Data section Start Marker

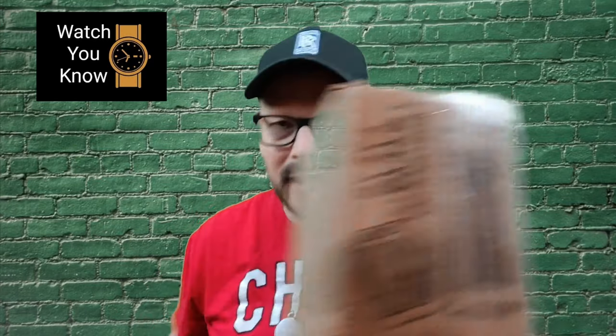Hello, it's Jeff Summers with Watch You Know, and today an unboxing of the Timex Weekender Peanuts edition — not Snoopy, but Linus. I'm excited to show you this watch even though it's not that great. What I mean is, it's no Rolex, it's no Omega — the specs are not all that good, but it's a cool watch.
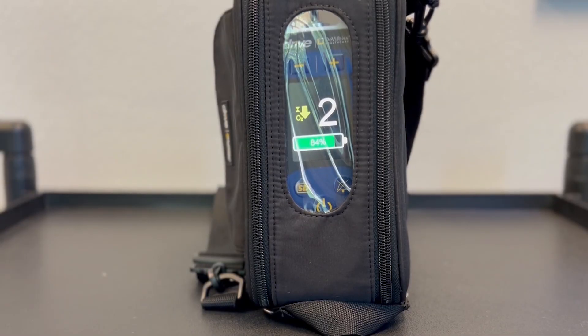While using the carrying case, you still have full visibility and access to all of your controls.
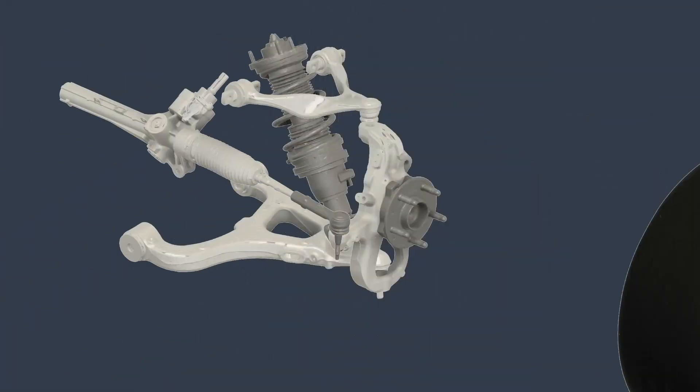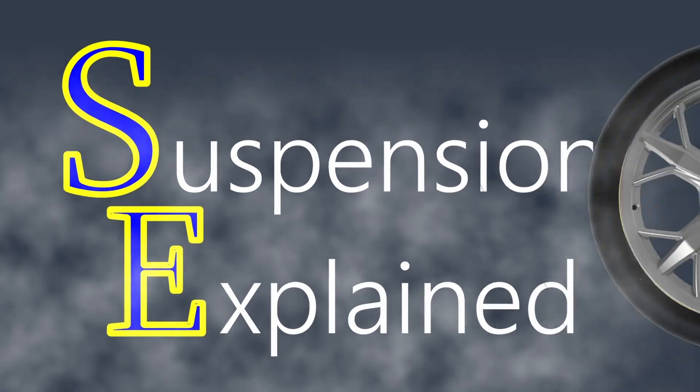Hello, I'm Hubert Mace and this is Suspensions Explained. One of the key principles of brake system design that I learned a long time ago was that you always want the front wheels of a car to lock up before the rear wheels do, because if the rear wheels lock up first, the car becomes unstable. Let's find out if this is actually true.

Data section End Marker

- Try it
Pictures are not part of the copy. Please reproduce the material word for word.

- The answer
Hello, it's Jeff Summers with Watch You Know, and today an unboxing of the Timex Weekender Peanuts edition — not Snoopy, but Linus. I'm excited to show you this watch even though it's not that great. What I mean is, it's no Rolex, it's no Omega — the specs are not all that good, but it's a cool watch.
While using the carrying case, you still have full visibility and access to all of your controls.
Hello, I'm Hubert Mace and this is Suspensions Explained. One of the key principles of brake system design that I learned a long time ago was that you always want the front wheels of a car to lock up before the rear wheels do, because if the rear wheels lock up first, the car becomes unstable. Let's find out if this is actually true.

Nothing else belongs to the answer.